A pesquisa apontou ainda que a segurança é o principal motivo que afasta parte dos brasileiros do Pix, especialmente entre as pessoas com mais de 35 anos de idade. Já para quem usa o Pix, o uso poderia ser maior se houvesse possibilidade de parcelamento, como no cartão de crédito – funcionalidade planejada pelo Banco Central e já implementada, com juros, por startups e até bancos.
Márcia Dessen, da Planejar, também afirma que a segurança é o principal motivo para o Pix não ser usado por mais da metade dos brasileiros, além do fator da desbancarização da população. Dessen recomenda a redução do limite de transferências ou mesmo o uso de dois celulares, um com Pix, que fica em casa, e outro sem. “O fato de ter Pix no celular, alvo de roubos, ainda mais sendo fácil demais de usar, traz um risco para o usuário. O Pix precisa encontrar o equilíbrio entre a facilidade e a segurança”, diz.
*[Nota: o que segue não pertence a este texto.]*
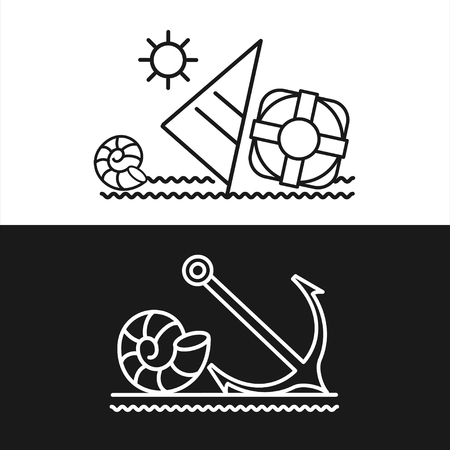 Summer. Sea, sailboat, shell, anchor. Set of emblems of summer holidays and tourism.のイラスト素材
Márcia Dessen, da Planejar
Do ponto de vista técnico, o Pix é uma transação bancária segura e amplamente utilizada tanto por instituições financeiras tradicionais, como Itaú, Bradesco, Santander, Banco do Brasil ou Caixa, quanto pelas fintechs. Algumas delas chegam até mesmo a oferecer seguros que cobrem o Pix sob coação, quando o cliente é intimidado por um criminoso a fazer a transferência.
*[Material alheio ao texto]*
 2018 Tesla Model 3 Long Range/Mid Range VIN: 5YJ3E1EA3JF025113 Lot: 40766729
Segundo Thiago Saldanha, diretor de tecnologia da Sinqia, o protocolo usado no Pix é seguro e o Banco Central utiliza padrões internacionais para garantir que o dinheiro seja corretamente transferido de pessoa para pessoa ou de pessoa para empresa. “O BC vem criando regras para evitar problemas com o Pix e o sequestro relâmpago. Para um crime relacionado a isso que dure um dia todo, a pena muda para a de crime hediondo”, diz.
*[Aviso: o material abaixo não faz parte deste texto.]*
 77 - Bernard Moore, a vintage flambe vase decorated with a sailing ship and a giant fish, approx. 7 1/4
Em 2021, o BC criou os limites diurno e noturno para o valor das transações via Pix. Desde então, as regras vêm se modernizando. Antes, o turno da noite era apenas entre 20h e 6h. Mas, no início do ano, a regra mudou para permitir que o usuário escolha o início do período noturno entre 20h e 22h. A alteração dos limites só pode acontecer depois do prazo de 24 horas.
Apesar de todo o processo de transferência de valores ser, em tese, seguro, ainda podem existir brechas, como em qualquer outro serviço bancário. “O que se não pode garantir é a segurança de onde o Pix é utilizado, por exemplo, no aplicativo de cada banco. Eles podem ter alguma vulnerabilidade. Mas as regras e processos do Pix, em si, são muito seguros”, diz Saldanha.